----- Study material -----
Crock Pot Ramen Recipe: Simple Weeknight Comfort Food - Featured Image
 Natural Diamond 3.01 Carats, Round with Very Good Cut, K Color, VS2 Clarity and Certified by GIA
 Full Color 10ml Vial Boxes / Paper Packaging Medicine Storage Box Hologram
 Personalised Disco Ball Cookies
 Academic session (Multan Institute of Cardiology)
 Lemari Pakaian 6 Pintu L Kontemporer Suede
-----
### Assignment
Each line from the one with "Natural Diamond 3.01" through the last line of the records must be written out word for word. Include nothing else.

### Answer to the problem
 Natural Diamond 3.01 Carats, Round with Very Good Cut, K Color, VS2 Clarity and Certified by GIA
 Full Color 10ml Vial Boxes / Paper Packaging Medicine Storage Box Hologram
 Personalised Disco Ball Cookies
 Academic session (Multan Institute of Cardiology)
 Lemari Pakaian 6 Pintu L Kontemporer Suede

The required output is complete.